Capitalism Magazine on Political ‘Principles’

I’m not an Objectivist, but Edward Cline over at Capitalism Magazine does a good job of nailing the problem with Republicans — it has become a party, like the Democrats, that espouses a conservative political philosophy that has become almost as meaningless as the liberal political philosophy espoused by the Democrats.

Instead, the Republicans and the Democrats both subscribe to the simple pragmatic view that their business is doing whatever it will take to win elections, and damn any principles.

His latest column, however, points up the main problem with the Republican Party, and with Sowell’s argument, which is chiefly that conservatism, as an ideology or a set of principles, is utterly bankrupt. Its adherents can only try to out-shout the Democratic Party that they could do a better job of “managing” the country and the economy, when the best solution is to get the government out of the economy and back to its Constitutional mandate of protecting individual rights. But such a solution is as abhorrent to the Republicans as it is to the Democrats. It would entail a relinquishment of power and the repudiation of not only the welfare state, but of the roles of God, family and other “traditional” values in the GOP platform. Any other course of action will guarantee a sentence of irrelevancy of the Republican Party.
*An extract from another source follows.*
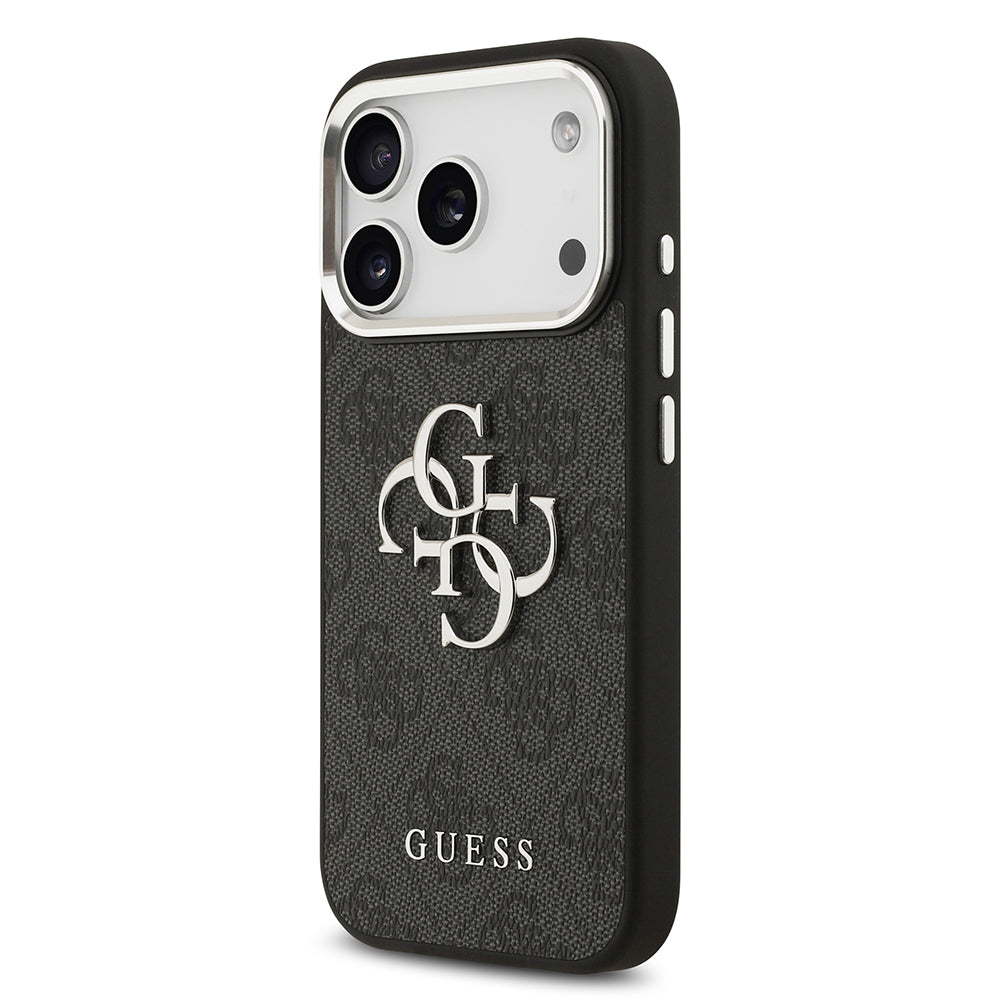 Apple iPhone 17 Pro Kılıf Guess Orjinal Lisanslı Gümüş Metal Kamera Çerçeveli 4G Desenli Metal Büyük 4G ve Yazı Logolu Kapak Siyah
Not going to happen, of course, but I doubt the Republican Party will be sentenced to irrelevance. Rather the continued reduction in any palpable difference in the substantive positions of either party will continue. Certainly the targets may be somewhat different (business owners rather than illegal immigrants), but even there the debate is gradually shifting away from differences over goals and rather over which party is better suited to administer the Leviathan state.

And since neither party is particularly suited for this (note how both parties seem afflicted by endemic corruption when they are in power), the likely future of American politics is a regular oscillation of power between the two parties without a substantive change in actual polices.

One need only look at how quickly Barack Obama’s administration adopted and defended some of the worst policies of the Bush administration that many of Obama’s supporters presumed they were electing him to dispense with.